Neither of the East Boston shapefiles contains many attributes - mostly IDs that can be linked to other data tables. We will link the parcel shapefile to assessing data in next week's lab. But the building footprint shapefile does have estimates of the ground and roof heights of each building. These estimates were developed from LIDAR data that was funded by Homeland Security around 2002 and supported by local state agencies. MassGIS, the state GIS office, provides downloads of the building footprint layer with the height attributes from their public website:
http://www.mass.gov/anf/research-and-tech/it-serv-and-support/application-serv/office-of-geographic-information-massgis/

 

This map document, eboston05_lab2start.mxd, has already altered the default ArcMap settings in accordance with Rob Goodspeed's setup notes so that your default workspace and geodatabase point to folders in C:\temp.  However, ArcGIS may have reverted to other defaults if it cannot find the named folder and file geodatabase in C:\temp. You may want to use Rob's notes to adjust the ArcMap workspace and file geodatabase so they point to places in C:\temp (or a local USB drive).  If you do not, ArcMap operations will be slower than they need to be since ArcMap will continually be reading and writing temporary files into a network drive rather than a local drive.

 

Now let's use ArcScene to visualize the East Boston buildings in 3D. Use Start/ArcGIS/ArcScene-10.4.1 to open the ArcScene window. Use the 'Add Data' icon (or File/add-data menu option) to add the ebos_parcels05 and ebos_buildings02 shapefiles into the table of contents of ArcScene. (You can also Drag and Drop the ebos_buildings02 and ebos_parcels05 shapefiles from the 'Catalog' window - if it is open - into the table of contents in the ArcScene window.) Make sure that the ebos_buildings02 layer is 'on top of' the parcel layer. Now right-click the ebos_buildings02 layer and choose 'properties.' We can click the 'Extrusion' tab and tell ArcScene to use the roof heights to extrude the building footprints up to the roof height. Since the ground height varies across East Boston, we should specify the extrusion to be [ROOF] - [GND], that is the difference between the roof and ground heights. Click OK after setting this extrusion expression and play with the visualization window to get used to the interface for 3D interaction. Often, users will want to exaggerate the height to facilitate visualization. You may want to reset the extrusion to be 5*[ROOF] - [GND] in order to get more height variation. The result should look something like this:

East Boston building extrusions

 

This is all that we are going to do with ArcScene and the East Boston data today. We are a long way from developing realistic building and land values from assessing data and we may also want to use a surface model that does not assume 'flatland' for East Boston.

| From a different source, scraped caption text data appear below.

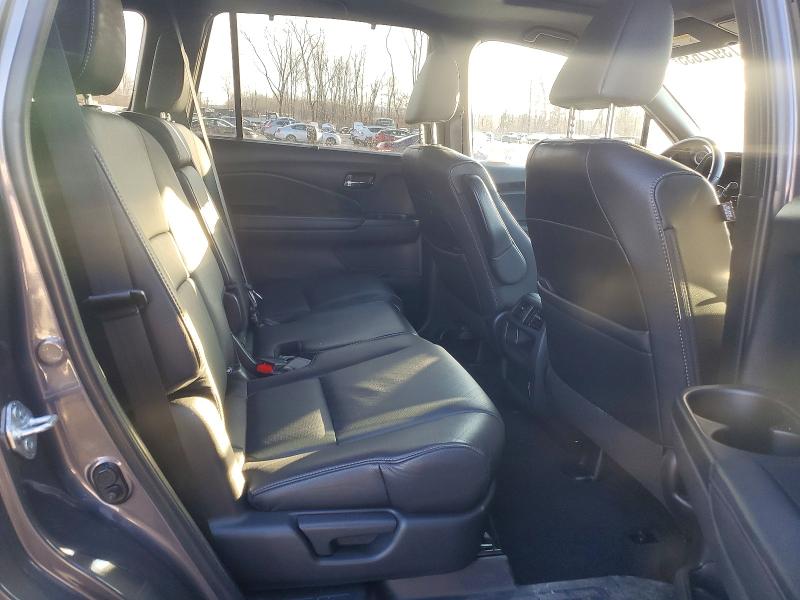 Photo 11 from auction – 2021 HONDA PASSPORT E with VIN 5FNYF8H57MB013917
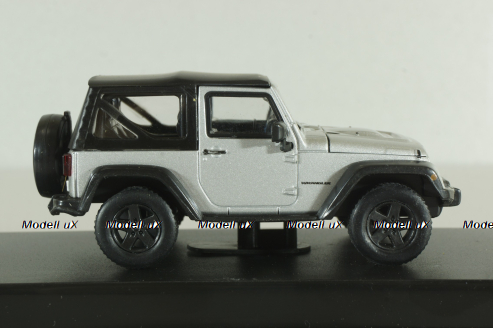 Jeep Wrangler Trail Rated 4x4 2012, silver, 50924, Greenlight 1:43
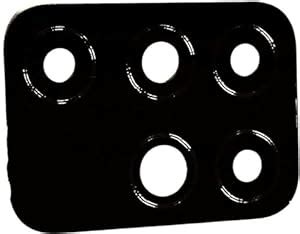 Vravmo Durable, Long Lasting & Easy Installation Back Rear Camera Glass ...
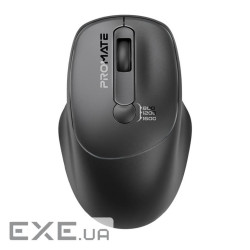 Миша бездротова Promate UniGlide Black (uniglide.black)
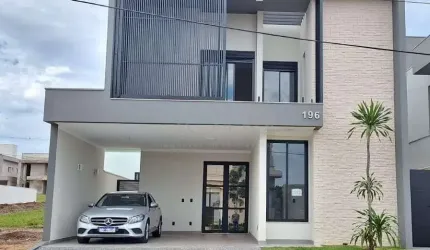 Casa em condomínio fechado com 3 quartos à venda no Parque Faber Castell I, São Carlos  por R$ 1.980.000
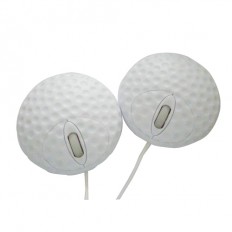 高爾夫球狀滑 鼠(含LED 燈)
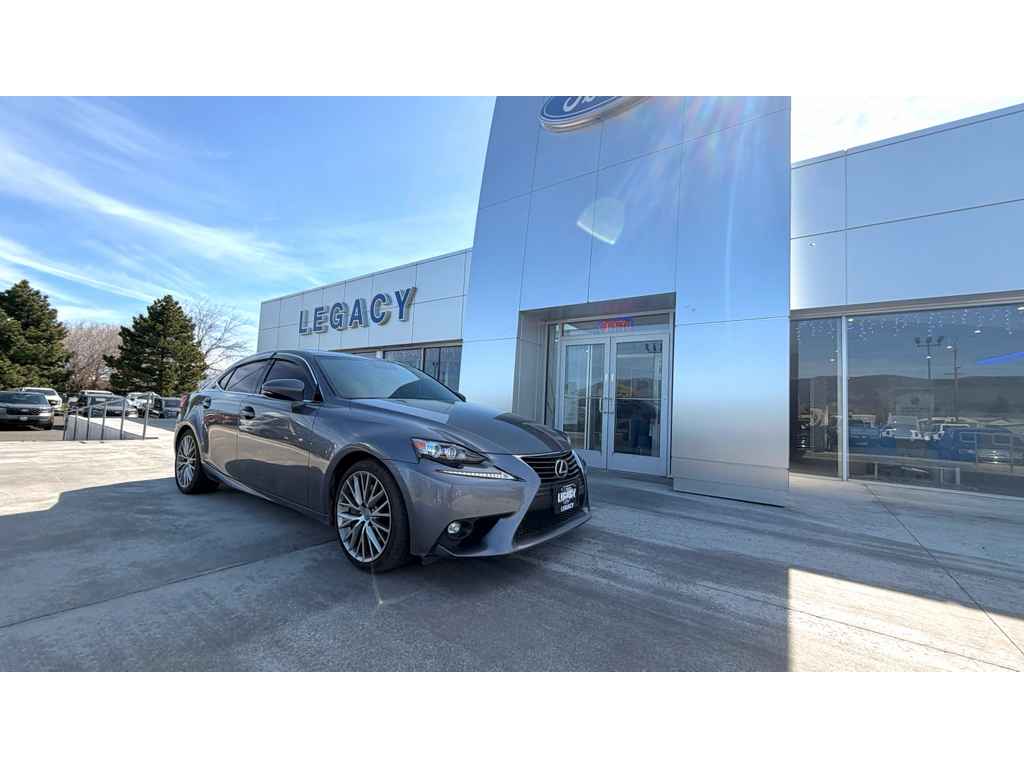 Nebula Gray Pearl 2016 Lexus IS 300 AWD Sedan All-Wheel Drive 6-Speed Automatic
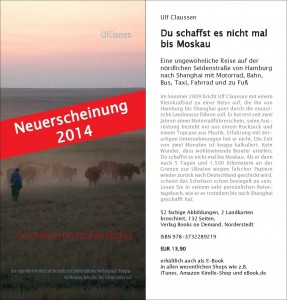 "Du schaffst es nicht mal bis Moskau" Ulf Claussen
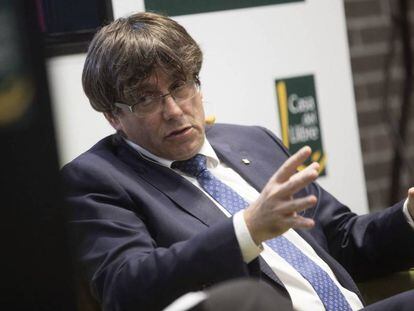 El presidente de la Generalitat, Carles Puigdemont.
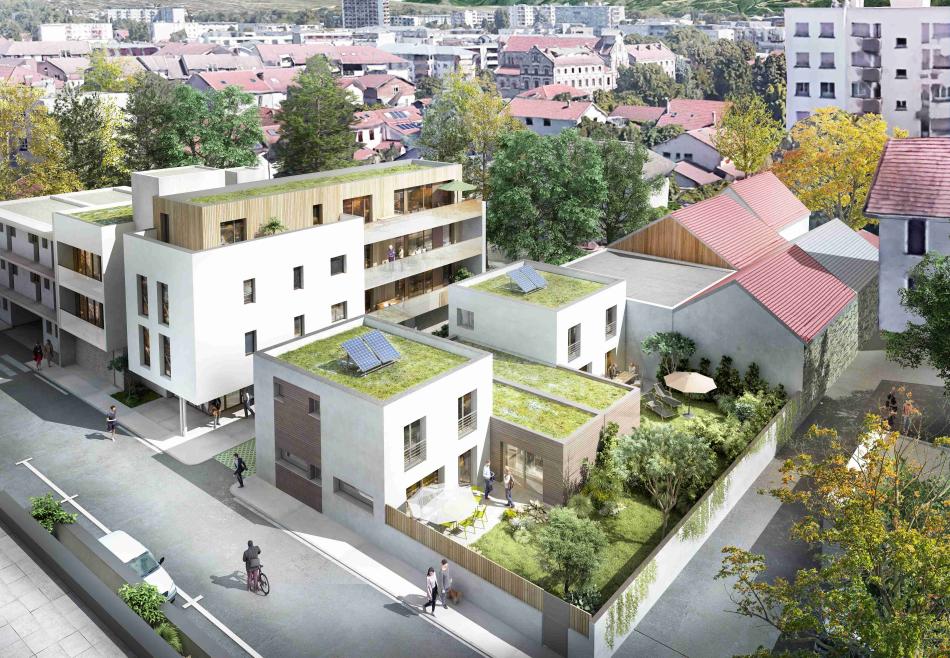 Programme neuf Grenoble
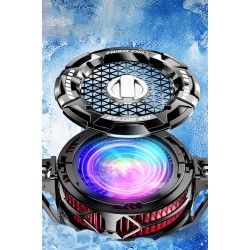 FS02 15W RGB Radyatör Telefon Soğutucu Fan 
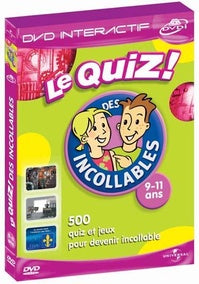 Le Quiz des Incollables - 9/11 ans [DVD]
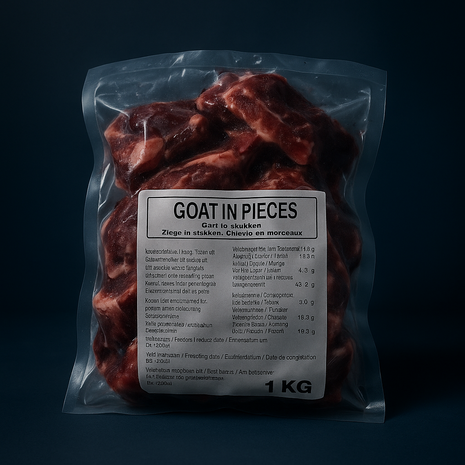 Goatmeat 1kg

Once we have done more analysis to estimate parcel and building values we can tag our data with those estimates or generate 'hot spot' envelopes that help visualize spatial patterns. For now, just take a screen shot of your ArcScene window and submit that as part of your results for this exercise.

 

In addition, for those who have not taken 11.188, 11.205 or 11.520, we require that you complete lab 1 of 11.188 (http://mit.edu/11.188/www17/labs/lab1) and hand in the final layout you create. You may also want to review lab2 of 11.188 - See: \afs\athena.mit.edu\course\11\11.188\www13\labs\lab2\lab2.html - which is the same location as: http://mit.edu/11.188/www17/labs/lab2

PART II: Database Queries using MS-Access, Excel, and PostgreSQL

To facilitate learning basic relational database concepts, we will utilize a set of seven small tables that encode land use and ownership information about PARCELS, OWNERS, SALES, FIRES, PERMITS, TAX, and ZONING. This is a 'toy' database with only a few rows in each table but with a table format (schema) and values that are typical of parcel-related data that are maintained by municipalities and counties. An MS-Access version of this database contains the seven tables and is called 11.521_lab1.mdb. It is available in the class data locker as 11.521_lab1.mdb (using the older 2002-2006 format for MS-Access databases for increased compatibility). The location of the file in the AFS network file system is /afs/athena.mit.edu/course/11/11.521/data/11.521_lab1.mdb. You can find this database by navigating down the directory tree on Drive Z: to reach Z:\athena.mit.edu\course\11\11.521\data\11.521_lab1.mdb or down the shorter path if you have mounted the class locker as Drive K:. You can also download and then run a copy of this database by going to http://mit.edu/11.521/data/11.521_lab1.mdb

 

Here is an Entity-Relationship diagram of the seven tables (prepared in MS-Access) together with links to more detailed listings of the entries in the seven tables.

 

Relationships among the Seven Tables
The 'Toy' Parcel Database
parcels_schema
  • Each row of the PARCELS table contains the parcel identifiers, address, owner, land use, and lot size of each parcel.
  • Each row of the OWNERS table lists the name and (mailing) address of owner. The owner number (ownernum) in the OWNERS table matches the owner number (onum) in the PARCELS table.
  • Each row of the SALES, TAX, FIRES, PERMITS, and ZONING tables list transaction information relevant to particular parcels.
  • The SALES, TAX, FIRES, AND ZONING tables are linked to the PARCELS table via the parcel ID (parcelid).
  • The PERMITS table is linked to the PARCELS table by the combination of two columns (labeled pid and wpb).
  • Follow these links for a listing of the rows in each table:

    FIRES | OWNERS | PARCELS | PERMITS | SALES | TAX | ZONING

     

     

     

    For our introductory database query exercises we will use versions of this same 'toy' parcel database stored in different formats: the MS-Access database just mentioned and one stored in PostgreSQL. Since CRON machines do not have the tool that allows us to manage and develop PostgreSQL tables (pgAdmin), We will access them from our browser using phpPgAdmin via http://urbansim.mit.edu/phppgadmin. phpPgAdmin is a web-based administration tool that can connect to PostgreSQL using a standard query language (SQL). Later on, we will use a client-side application (pgAdmin) to create, manage, and access our PostgreSQL tables.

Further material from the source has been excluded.